*Task description:* Return, with both end lines included, exactly what the data below holds from the line with "MINI Cooper Countryman" through the line with "Moderná kúpeľňa so", though not the pictures.

*Records to process:*
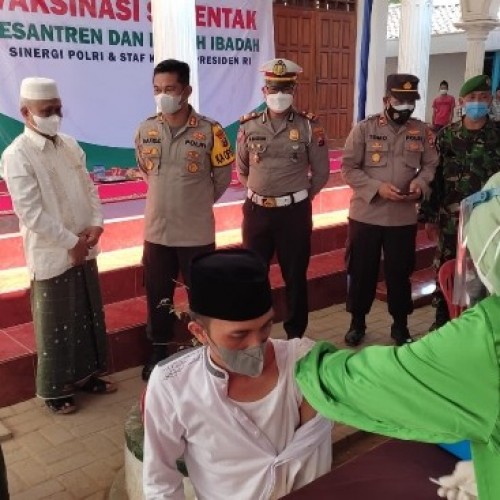 Serentak se-Indonesia, Vaksinasi Santri juga Digelar di Sampang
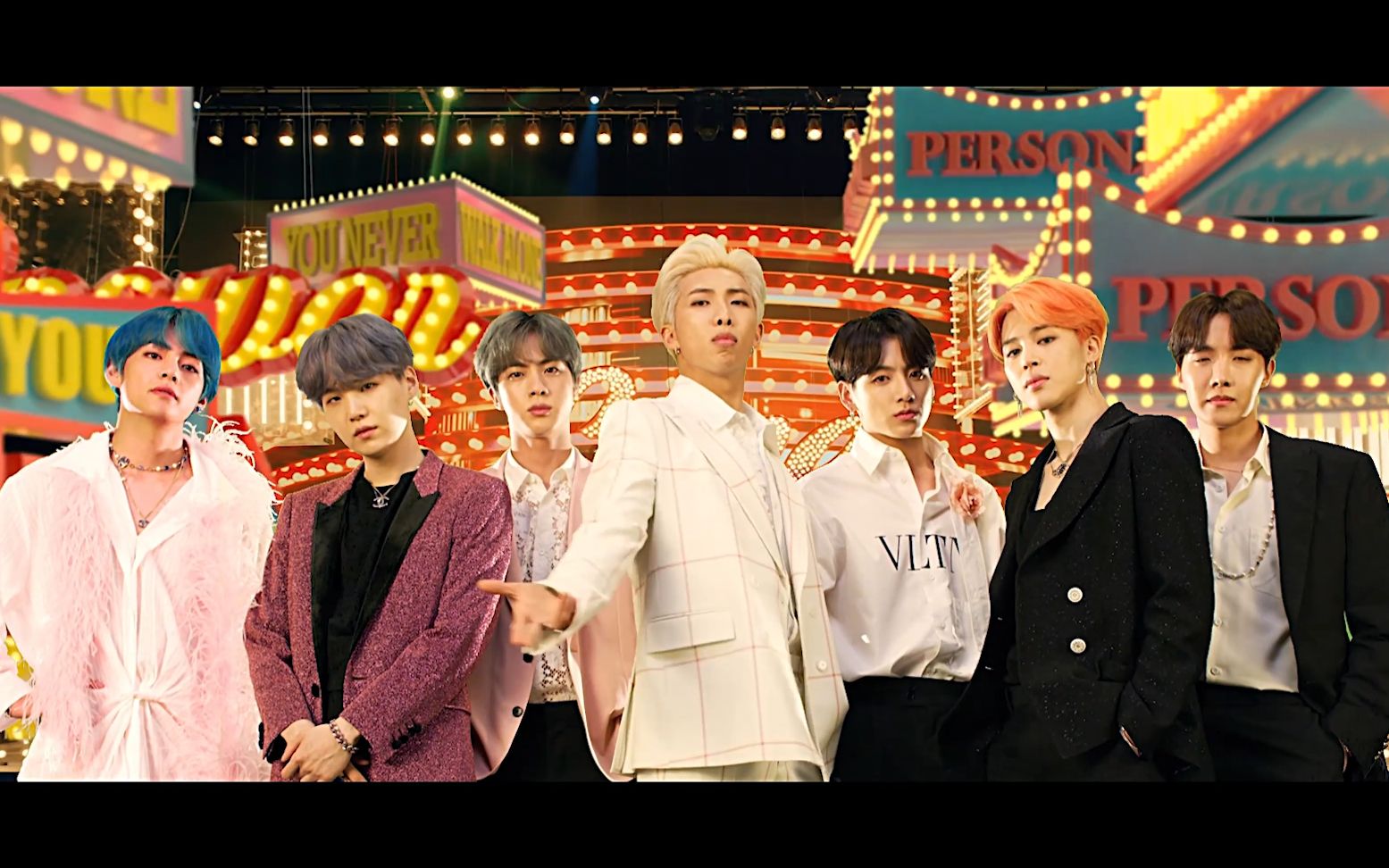 [图]【4K】“Boy With Luv”/BTS，收藏级画质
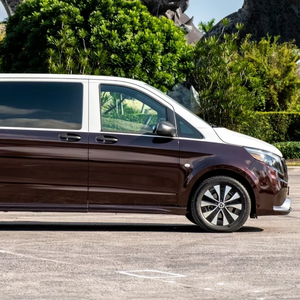 <span class=keywords><strong>Mercedes</strong></span>-Benz <span class=keywords><strong>Metris</strong></span> d'occasion haut de gamme 2021, environ 500 miles, conversion en fourgon de luxe - Product Image 1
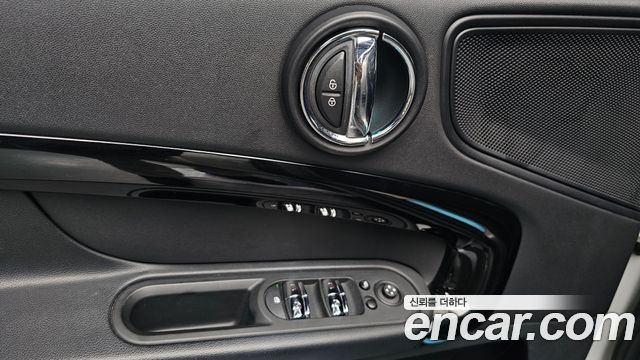 MINI Cooper Countryman Classic 2nd 2023 — фото 18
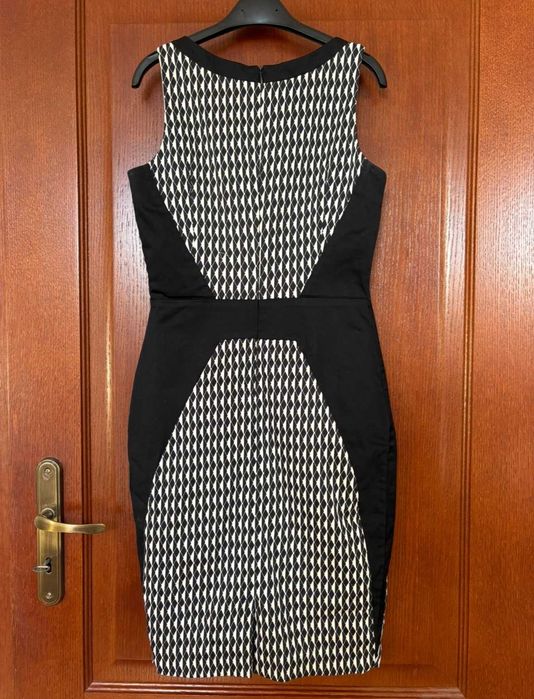 Czarna elegancka sukienka Mohito rozmiar 36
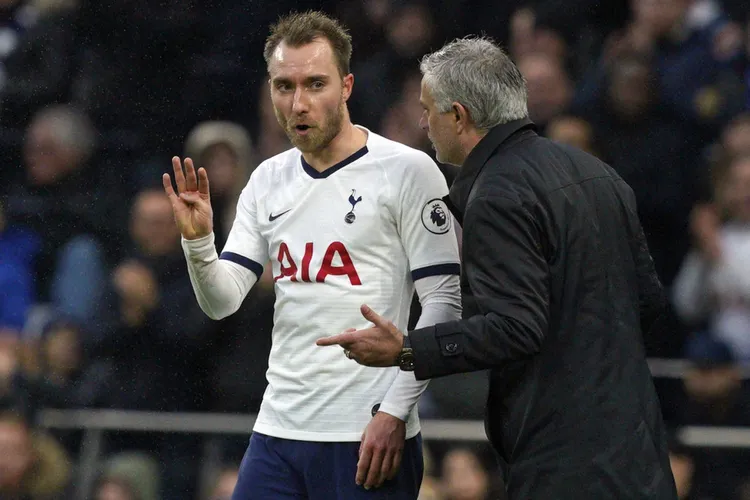 /images/m/o/u/mourinho-su-eriksen.jpg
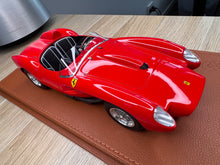 Load image into Gallery viewer, Ferrari 250 Testarossa 1957 - red - 1:18
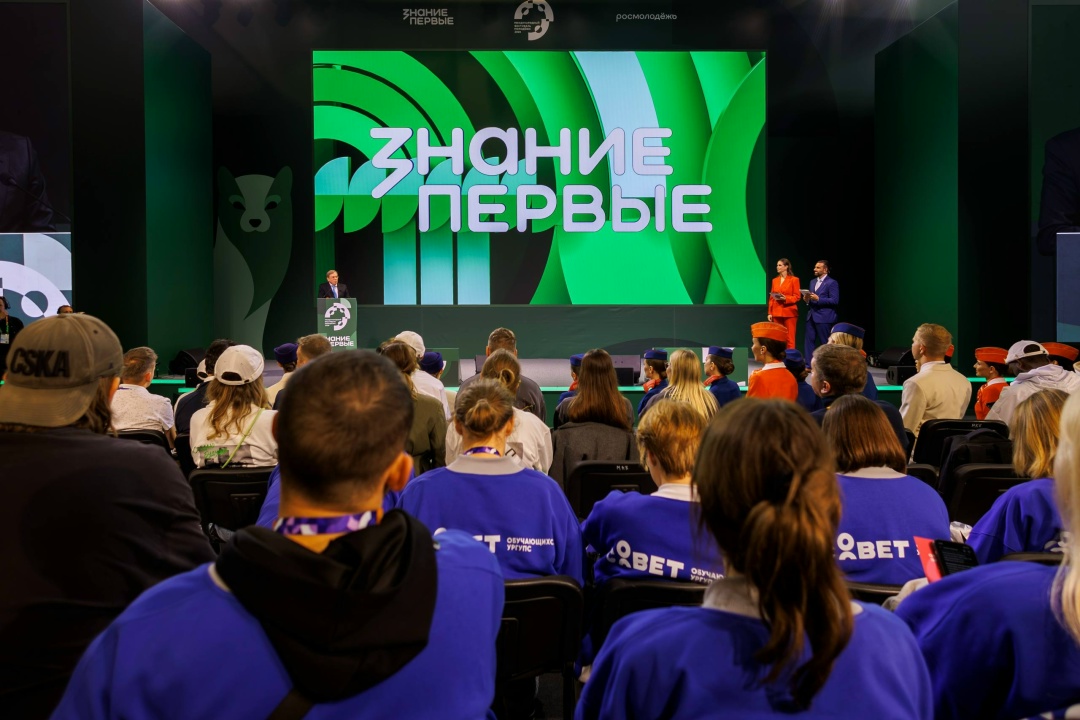 Вице-премьер Виталий Савельев выступил на просветительском марафоне Российского общества «Знание» в рамках Международного фестиваля молодежи в Екатеринбурге.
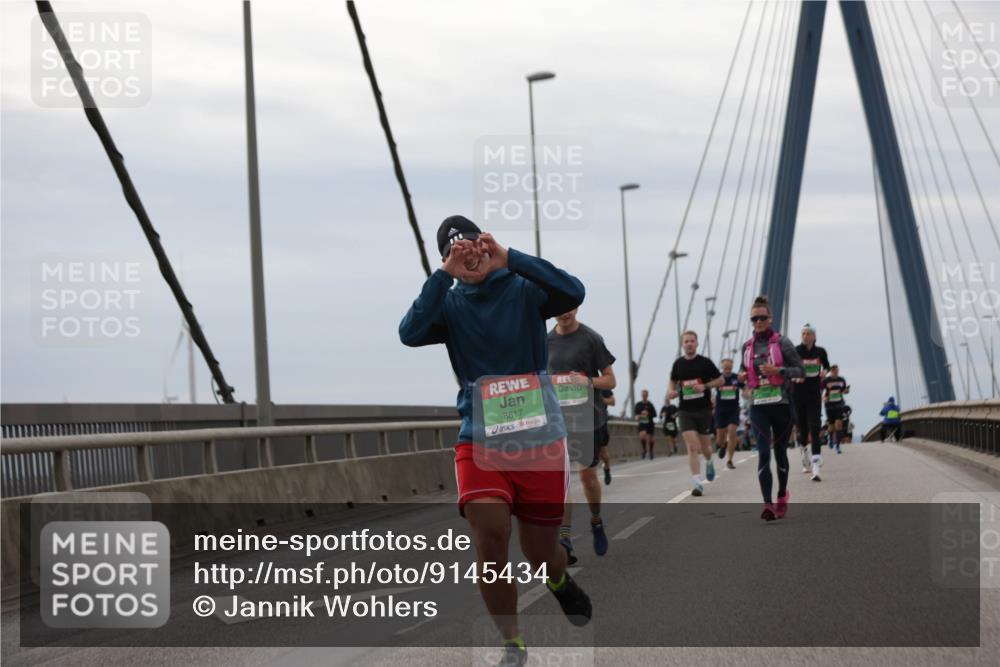03.10.2025 - Köhlbrandbrückenlauf Jannik Wohlers http://msf.ph/oto/9145434 03.10.2025 15:47:08 Position 1 8817 meine-sportfotos.de
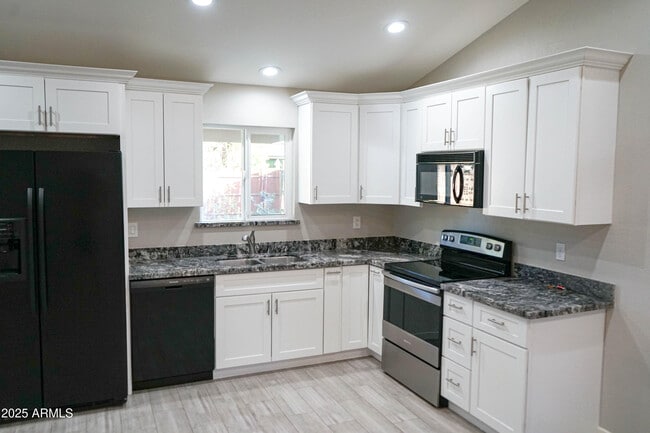 Building Photo - 5528 W Venus Way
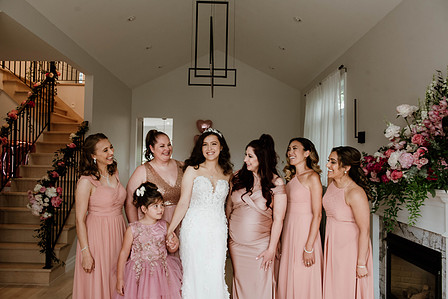 Montreal wedding photographer; John KOO Photography; Lubov and Jonathan's wedding; Montreal wedding photo; Prima Luna restaurant reception hall; St. Rose of Lima church Laval; wedding photography; Église Sainte-Rose-de-Lima Laval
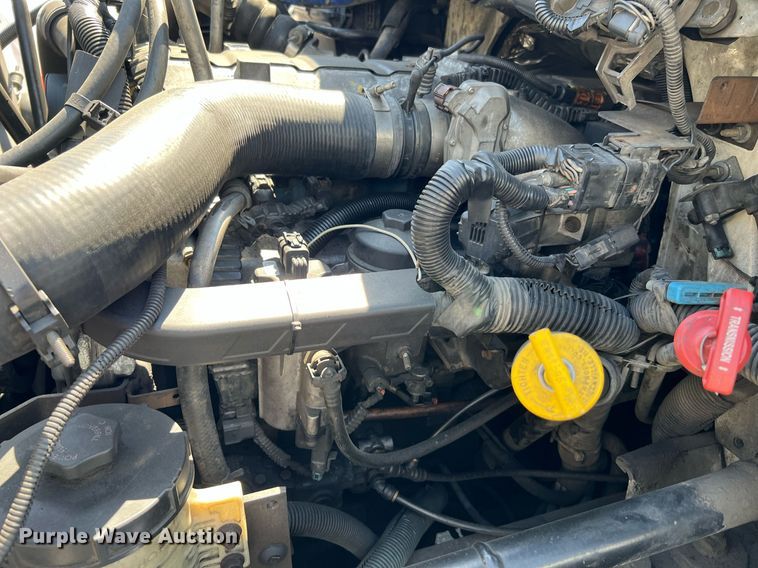 image for item MF9975 2013 International DuraStar 4300  flatbed truck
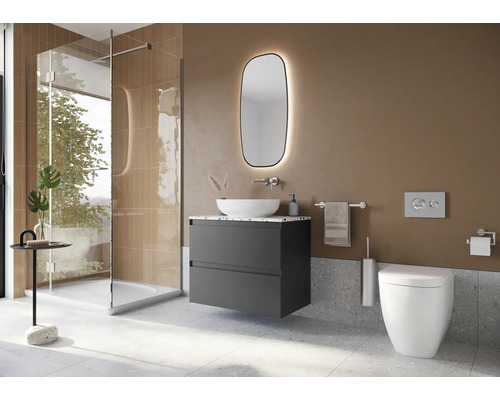 Moderná kúpeľňa so sprchou, umývadlom, zrkadlom a toaletou.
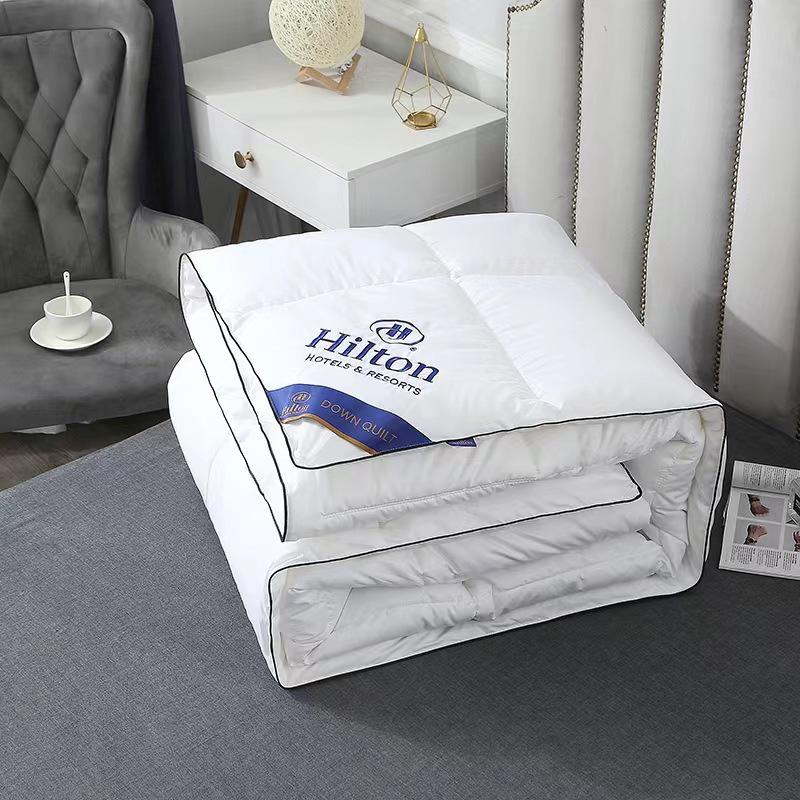 

Yueji Mei Down Alternative Winter Quilt - Luxury Five-Star Hotel Comfort for All Seasons 1.5x2m, 4 jin with gift box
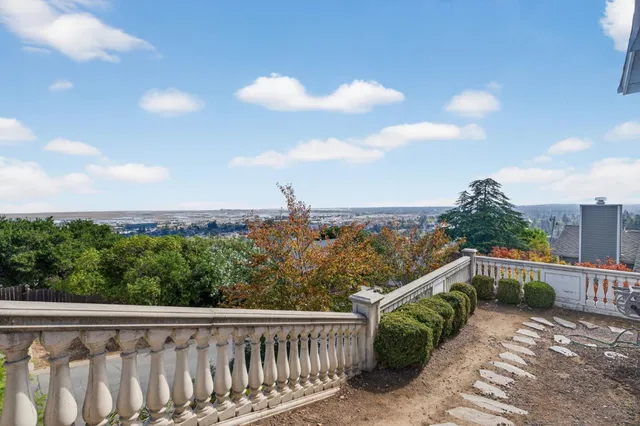 $3,680,000 | 58 Hillcrest Road, San Carlos, CA 94070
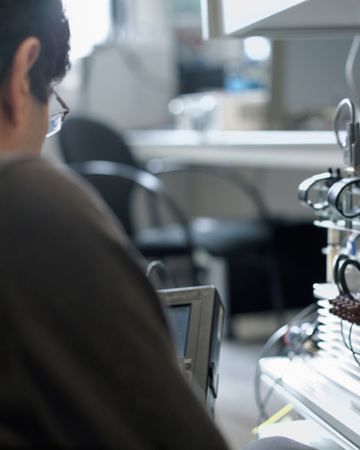 Elektronikingenieur bei der Arbeit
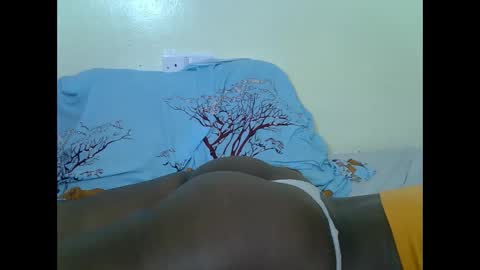 LILIAN online show from 10/20/25, 05:13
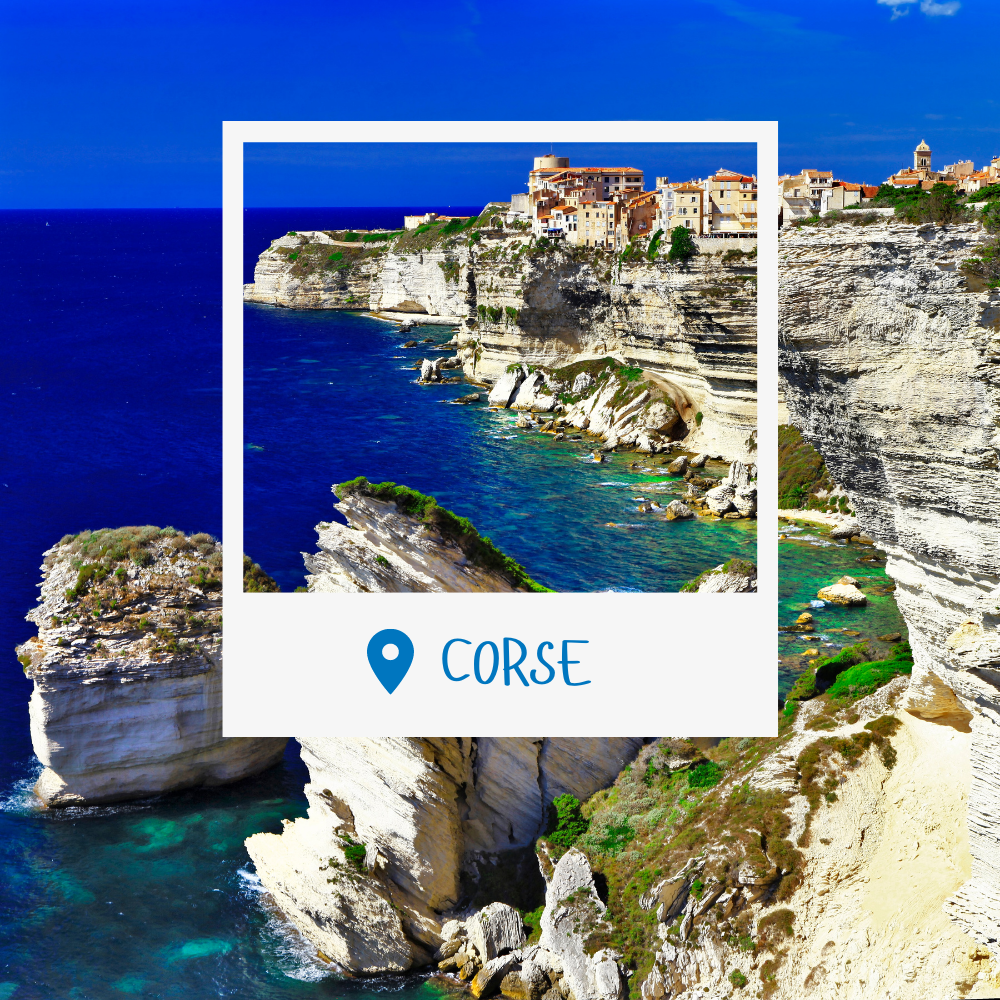 beaute-de-bonifacio-en-corse-au-bord-de-la-mer Découverte des falaises majestueuses et des eaux turquoise de Bonifacio en Corse, symboles de beauté sauvage et de sérénité estivale.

*Task answer:*
 MINI Cooper Countryman Classic 2nd 2023 — фото 18
 Czarna elegancka sukienka Mohito rozmiar 36
 /images/m/o/u/mourinho-su-eriksen.jpg
 Load image into Gallery viewer, Ferrari 250 Testarossa 1957 - red - 1:18
 Вице-премьер Виталий Савельев выступил на просветительском марафоне Российского общества «Знание» в рамках Международного фестиваля молодежи в Екатеринбурге.
03.10.2025 - Köhlbrandbrückenlauf Jannik Wohlers http://msf.ph/oto/9145434 03.10.2025 15:47:08 Position 1 8817 meine-sportfotos.de
 Building Photo - 5528 W Venus Way
 Montreal wedding photographer; John KOO Photography; Lubov and Jonathan's wedding; Montreal wedding photo; Prima Luna restaurant reception hall; St. Rose of Lima church Laval; wedding photography; Église Sainte-Rose-de-Lima Laval
 image for item MF9975 2013 International DuraStar 4300  flatbed truck
 Moderná kúpeľňa so sprchou, umývadlom, zrkadlom a toaletou.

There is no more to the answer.